Le vertical farms sembrano insomma la soluzione ideale per un futuro dall’aspetto altrimenti tetro. Sono molti tuttavia gli scettici, che le additano come un’illusione o addirittura come controproducenti. Diverse critiche sono state finora mosse agli orti verticali, prima tra tutte la quantità di energia necessaria per far crescere le piante al loro interno. Sviluppando in uno stesso sito tipologie di vegetali diverse, le vertical farms richiedono la replica e il mantenimento di condizioni ambientali molto precise. L’energia solare è riprodotta da lampade a neon, il cui consumo porta a un impatto energetico negativo degli edifici: produrre nutrimento utilizzando meno superficie è indubbiamente un passo avanti, ma conviene davvero se il costo energetico delle strutture ne supera il beneficio?

Il lavoro di Plenty

Plenty Inc. sembra aver risolto anche questo problema: la Startup alimenta le sue piantagioni verticali esclusivamente grazie all’energia rinnovabile, rendendole di fatto a impatto zero per l’ambiente. I vantaggi non finiscono qui: negli edifici di Plenty crescono 400 volte più piante per ettaro rispetto a una piantagione tradizionale e le coltivazioni richiedono il 99% in meno di terra e il 95% in meno di acqua. Non solo: con questo metodo l’agricoltura verrebbe, secondo la compagnia, “liberata dai limiti delle condizioni meteorologiche, della stagionalità, del tempo, della distanza, dei parassiti, dei disastri naturali e del clima”, producendo ortaggi naturali e non OGM. Non è abbastanza? L’acqua utilizzata, seppure in quantità infinitesimale rispetto alle piantagioni a terra, viene riciclata e il vapore acqueo immagazzinato per essere nuovamente usato.

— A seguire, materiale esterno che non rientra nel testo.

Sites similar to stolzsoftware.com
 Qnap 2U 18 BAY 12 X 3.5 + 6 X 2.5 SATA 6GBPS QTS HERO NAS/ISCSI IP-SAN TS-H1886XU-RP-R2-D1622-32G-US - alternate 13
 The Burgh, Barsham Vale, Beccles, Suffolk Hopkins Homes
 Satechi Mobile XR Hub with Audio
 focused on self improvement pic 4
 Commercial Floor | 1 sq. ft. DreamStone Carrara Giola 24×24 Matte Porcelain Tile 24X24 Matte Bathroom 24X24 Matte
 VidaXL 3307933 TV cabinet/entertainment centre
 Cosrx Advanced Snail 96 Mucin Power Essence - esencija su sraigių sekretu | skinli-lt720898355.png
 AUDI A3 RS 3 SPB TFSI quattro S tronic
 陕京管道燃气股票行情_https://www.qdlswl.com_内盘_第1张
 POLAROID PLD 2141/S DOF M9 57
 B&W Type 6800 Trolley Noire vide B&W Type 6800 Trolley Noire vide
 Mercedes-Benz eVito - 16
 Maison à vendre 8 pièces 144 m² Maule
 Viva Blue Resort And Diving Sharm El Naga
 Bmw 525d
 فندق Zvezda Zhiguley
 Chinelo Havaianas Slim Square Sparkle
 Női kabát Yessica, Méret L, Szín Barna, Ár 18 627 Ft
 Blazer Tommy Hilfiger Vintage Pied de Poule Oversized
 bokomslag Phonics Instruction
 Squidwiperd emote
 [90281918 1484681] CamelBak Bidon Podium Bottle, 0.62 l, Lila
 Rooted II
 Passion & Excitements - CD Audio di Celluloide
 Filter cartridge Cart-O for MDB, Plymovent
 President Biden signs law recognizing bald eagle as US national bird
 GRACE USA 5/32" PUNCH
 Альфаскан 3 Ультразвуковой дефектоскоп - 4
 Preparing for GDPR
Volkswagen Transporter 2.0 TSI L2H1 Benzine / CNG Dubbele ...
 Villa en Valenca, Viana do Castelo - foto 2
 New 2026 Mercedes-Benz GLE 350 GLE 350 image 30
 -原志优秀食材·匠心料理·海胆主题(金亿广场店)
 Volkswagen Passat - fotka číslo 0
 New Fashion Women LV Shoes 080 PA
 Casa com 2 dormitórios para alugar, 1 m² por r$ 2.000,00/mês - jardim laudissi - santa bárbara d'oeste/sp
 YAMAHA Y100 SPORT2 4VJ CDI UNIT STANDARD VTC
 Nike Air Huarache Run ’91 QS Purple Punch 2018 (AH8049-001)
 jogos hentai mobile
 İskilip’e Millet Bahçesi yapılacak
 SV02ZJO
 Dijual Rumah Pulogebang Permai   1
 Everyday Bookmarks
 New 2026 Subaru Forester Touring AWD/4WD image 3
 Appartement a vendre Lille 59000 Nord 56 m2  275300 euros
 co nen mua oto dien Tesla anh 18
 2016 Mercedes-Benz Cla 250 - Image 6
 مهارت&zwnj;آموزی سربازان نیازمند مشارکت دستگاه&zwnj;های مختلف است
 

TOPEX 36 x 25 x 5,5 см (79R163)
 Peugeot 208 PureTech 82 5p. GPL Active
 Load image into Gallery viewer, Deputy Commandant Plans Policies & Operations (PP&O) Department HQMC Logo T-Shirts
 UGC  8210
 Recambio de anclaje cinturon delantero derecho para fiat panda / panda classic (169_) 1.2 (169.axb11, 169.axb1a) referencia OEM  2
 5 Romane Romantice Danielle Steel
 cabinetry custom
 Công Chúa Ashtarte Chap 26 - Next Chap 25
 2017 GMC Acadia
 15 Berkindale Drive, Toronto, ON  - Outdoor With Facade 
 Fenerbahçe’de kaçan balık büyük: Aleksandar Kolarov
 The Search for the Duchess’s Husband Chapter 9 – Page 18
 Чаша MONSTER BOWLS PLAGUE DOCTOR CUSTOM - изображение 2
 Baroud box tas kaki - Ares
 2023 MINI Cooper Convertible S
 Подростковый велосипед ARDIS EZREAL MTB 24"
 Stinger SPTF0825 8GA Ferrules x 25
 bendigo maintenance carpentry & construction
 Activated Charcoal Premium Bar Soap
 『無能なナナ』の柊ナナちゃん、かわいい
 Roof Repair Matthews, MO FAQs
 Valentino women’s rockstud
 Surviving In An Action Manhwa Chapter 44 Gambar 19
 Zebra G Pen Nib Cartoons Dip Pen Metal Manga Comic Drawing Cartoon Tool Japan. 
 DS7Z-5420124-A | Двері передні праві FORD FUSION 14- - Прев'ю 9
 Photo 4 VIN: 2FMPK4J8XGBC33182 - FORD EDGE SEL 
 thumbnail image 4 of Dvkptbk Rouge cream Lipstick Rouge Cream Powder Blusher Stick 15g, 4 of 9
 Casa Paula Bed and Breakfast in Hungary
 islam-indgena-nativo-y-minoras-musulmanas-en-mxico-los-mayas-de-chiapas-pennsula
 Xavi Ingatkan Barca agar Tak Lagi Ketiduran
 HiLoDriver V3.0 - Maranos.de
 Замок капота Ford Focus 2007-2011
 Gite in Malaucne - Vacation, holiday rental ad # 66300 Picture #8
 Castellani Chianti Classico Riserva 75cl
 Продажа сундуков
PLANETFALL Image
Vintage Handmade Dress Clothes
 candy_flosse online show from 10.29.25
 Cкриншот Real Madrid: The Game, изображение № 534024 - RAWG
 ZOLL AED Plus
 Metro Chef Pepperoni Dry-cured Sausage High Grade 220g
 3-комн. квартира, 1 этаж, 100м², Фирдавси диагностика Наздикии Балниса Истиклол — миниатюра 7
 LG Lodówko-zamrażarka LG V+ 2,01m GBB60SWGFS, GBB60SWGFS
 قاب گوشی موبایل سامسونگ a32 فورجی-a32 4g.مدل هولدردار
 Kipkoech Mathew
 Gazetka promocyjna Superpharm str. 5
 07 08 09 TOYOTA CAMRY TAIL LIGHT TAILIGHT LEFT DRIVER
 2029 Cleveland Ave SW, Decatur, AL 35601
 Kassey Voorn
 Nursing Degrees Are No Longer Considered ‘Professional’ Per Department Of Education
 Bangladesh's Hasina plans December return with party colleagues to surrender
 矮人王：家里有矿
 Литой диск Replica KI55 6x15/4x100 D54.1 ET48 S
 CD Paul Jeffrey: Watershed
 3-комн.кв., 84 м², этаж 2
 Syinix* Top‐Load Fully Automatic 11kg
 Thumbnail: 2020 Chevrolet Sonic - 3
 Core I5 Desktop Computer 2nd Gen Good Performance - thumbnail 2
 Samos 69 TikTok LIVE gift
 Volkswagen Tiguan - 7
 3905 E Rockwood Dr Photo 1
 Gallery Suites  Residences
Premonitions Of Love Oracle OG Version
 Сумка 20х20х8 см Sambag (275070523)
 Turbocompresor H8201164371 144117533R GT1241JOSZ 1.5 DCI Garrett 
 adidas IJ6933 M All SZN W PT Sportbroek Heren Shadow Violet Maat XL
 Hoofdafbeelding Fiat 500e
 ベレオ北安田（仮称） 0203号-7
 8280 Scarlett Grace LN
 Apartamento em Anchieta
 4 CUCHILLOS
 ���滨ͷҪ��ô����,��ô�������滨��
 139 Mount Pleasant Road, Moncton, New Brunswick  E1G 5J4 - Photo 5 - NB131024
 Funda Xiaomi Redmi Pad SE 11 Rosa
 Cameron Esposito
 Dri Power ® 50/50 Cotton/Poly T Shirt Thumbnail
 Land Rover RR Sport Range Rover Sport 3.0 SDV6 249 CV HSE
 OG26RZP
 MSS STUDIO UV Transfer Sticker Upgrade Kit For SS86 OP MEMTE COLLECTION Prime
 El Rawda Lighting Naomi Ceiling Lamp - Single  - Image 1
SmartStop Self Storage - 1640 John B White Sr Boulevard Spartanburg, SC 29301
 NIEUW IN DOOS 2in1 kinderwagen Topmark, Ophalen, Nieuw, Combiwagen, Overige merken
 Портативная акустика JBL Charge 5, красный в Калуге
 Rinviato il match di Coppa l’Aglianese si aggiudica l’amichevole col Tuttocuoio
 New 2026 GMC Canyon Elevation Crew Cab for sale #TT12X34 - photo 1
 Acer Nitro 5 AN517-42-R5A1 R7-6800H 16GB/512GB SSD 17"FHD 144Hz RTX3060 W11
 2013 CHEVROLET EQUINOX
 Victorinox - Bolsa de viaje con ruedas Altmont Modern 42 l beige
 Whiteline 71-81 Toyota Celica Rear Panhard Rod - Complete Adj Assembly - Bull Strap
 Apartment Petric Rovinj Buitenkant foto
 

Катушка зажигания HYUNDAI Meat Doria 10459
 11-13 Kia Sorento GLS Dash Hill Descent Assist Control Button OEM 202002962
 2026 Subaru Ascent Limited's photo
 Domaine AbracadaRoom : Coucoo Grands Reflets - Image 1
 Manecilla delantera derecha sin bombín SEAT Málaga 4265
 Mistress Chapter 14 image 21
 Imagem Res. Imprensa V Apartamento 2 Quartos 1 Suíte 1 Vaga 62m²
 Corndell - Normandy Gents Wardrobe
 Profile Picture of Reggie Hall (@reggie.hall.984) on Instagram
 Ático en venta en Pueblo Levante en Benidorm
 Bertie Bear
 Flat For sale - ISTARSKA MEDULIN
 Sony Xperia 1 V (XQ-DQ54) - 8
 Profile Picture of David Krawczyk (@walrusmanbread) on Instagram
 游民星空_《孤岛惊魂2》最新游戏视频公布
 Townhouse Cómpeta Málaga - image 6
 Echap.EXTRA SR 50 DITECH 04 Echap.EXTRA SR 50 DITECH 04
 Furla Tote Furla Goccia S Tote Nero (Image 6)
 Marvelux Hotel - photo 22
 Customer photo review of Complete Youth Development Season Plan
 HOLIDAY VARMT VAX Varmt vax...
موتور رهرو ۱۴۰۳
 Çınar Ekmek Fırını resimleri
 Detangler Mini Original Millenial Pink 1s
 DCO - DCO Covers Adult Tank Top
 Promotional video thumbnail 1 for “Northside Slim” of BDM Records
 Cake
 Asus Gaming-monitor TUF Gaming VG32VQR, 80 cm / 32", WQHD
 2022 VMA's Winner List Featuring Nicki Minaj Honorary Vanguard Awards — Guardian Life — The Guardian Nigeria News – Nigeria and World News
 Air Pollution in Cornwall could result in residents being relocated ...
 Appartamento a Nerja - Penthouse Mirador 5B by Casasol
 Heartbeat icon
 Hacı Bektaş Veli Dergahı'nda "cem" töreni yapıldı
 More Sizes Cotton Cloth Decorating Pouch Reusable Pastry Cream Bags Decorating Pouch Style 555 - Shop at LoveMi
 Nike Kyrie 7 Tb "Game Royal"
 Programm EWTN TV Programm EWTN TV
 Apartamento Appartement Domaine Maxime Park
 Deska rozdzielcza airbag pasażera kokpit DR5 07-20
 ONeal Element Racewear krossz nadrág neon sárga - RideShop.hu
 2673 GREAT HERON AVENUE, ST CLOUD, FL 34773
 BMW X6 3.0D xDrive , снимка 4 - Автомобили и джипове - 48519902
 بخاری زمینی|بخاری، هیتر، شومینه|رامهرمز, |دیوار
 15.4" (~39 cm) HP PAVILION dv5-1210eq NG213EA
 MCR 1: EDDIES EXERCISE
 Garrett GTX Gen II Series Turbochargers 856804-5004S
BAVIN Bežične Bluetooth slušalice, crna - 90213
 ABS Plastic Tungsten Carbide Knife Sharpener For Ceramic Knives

Ma come funzionano? Nelle strutture, tecnologicamente all’avanguardia, file e file di vegetali crescono una affianco all’altra, appese al soffitto. Alcuni robot si occupano di spostarle quando necessario, e i parametri di luce, acqua e temperatura sono regolati da un software di Intelligenza Artificiale. Sembrerebbe che il massimo della tecnologia si sia unito al massimo dell’efficienza nel campo dell’agricoltura a servizio di un futuro in cui la fame diventi un problema minore. La missione di Plenty, secondo il suo CEO Matt Barnard, è quella di “costruire una vertical farm per ogni città con più di un milione di abitanti”.

Rimane il dubbio che la società non sia pronta a un cambiamento così repentino e strutturale, e che il mercato del lavoro non sia preparato a riassorbire il surplus che si creerebbe qualora gran parte dell’agricoltura diventasse verticale. Resta comunque essenziale tenere d’occhio il lavoro di Plenty e delle altre compagnie di vertical farming, che potrebbero stare costruendo il futuro dell’alimentazione umana.